It is easy to forget therefore, that the vessel crew still has an important part to play in ensuring that these fragile cargoes are delivered safely, and that the actions of those on board can make a significant difference to the claims experienced by an operator.

Reefer containers carry a wide variety of refrigerated goods, of which fresh produce, frozen meat and fish, dairy products and pharmaceuticals are only a few. A single reefer container may carry a cargo value of several hundred thousand US dollars or more.

Each type of cargo varies in its requirements for carriage temperature, humidity, stowage arrangements and ventilation.

Variables to take into consideration:

Temperature

Temperature abuse affects cargoes in different ways depending on the cargo. For fresh or frozen products this might include premature ripening, freezer burn, frosting and textural changes.

To prevent this the crew should check that the container set temperature complies with the shippers’ specified carriage instructions. The external integrity of the reefer container  should also be checked for damage with any defects noted and photographed. The shipper should be notified of any physical damage to the container.

Poor airflow/ventilation through the cargo can lead to temperature hotspots developing. This can be due to poor stowage or packaging of cargo preventing airflow through the cargo or over stowage of cargo preventing return air to the refrigeration unit.

Air

When carrying frozen cargo, the fresh air ventilation ducts should always be closed. In contrast, for chilled live cargoes such as fruit and vegetables the products should be stowed to allow air flow to circulate throughout the cargo stow, this will remove product heat, as well as moisture and gases such as carbon dioxide and ethylene.
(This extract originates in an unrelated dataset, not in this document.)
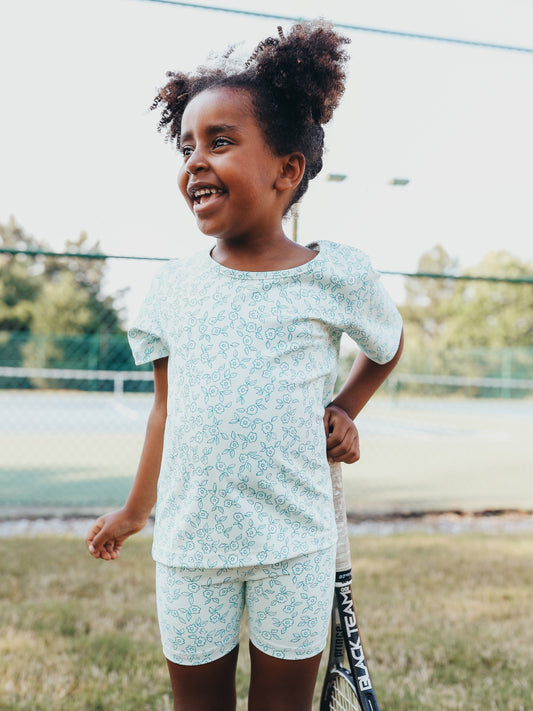 This image of a girl playing tennis features the product All in Motion Set – Teal Petals. This activewear set of a shirt and shorts is a pattern of teal line drawn flowers and leaves over an almost white background.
The exact ventilation requirements will depend on the type of product carried.

Loading

It is important to note that the reefer container is designed to maintain the cargo temperature rather than cool it. Ideally, all cargoes should be loaded at the intended carriage temperature to ensure product quality is maintained.

The most important point for carriers is to ensure that the carriage instructions and set temperature are checked and adhered to at the time the reefer container is loaded.

Monitoring

Continuous supply of power to the reefer containers is also of utmost importance during the voyage. The vessel’s crew should regularly monitor this and ensure that all incidents regarding the vessel’s diesel generators and reefer circuit breakers and their associated alarm systems are meticulously recorded.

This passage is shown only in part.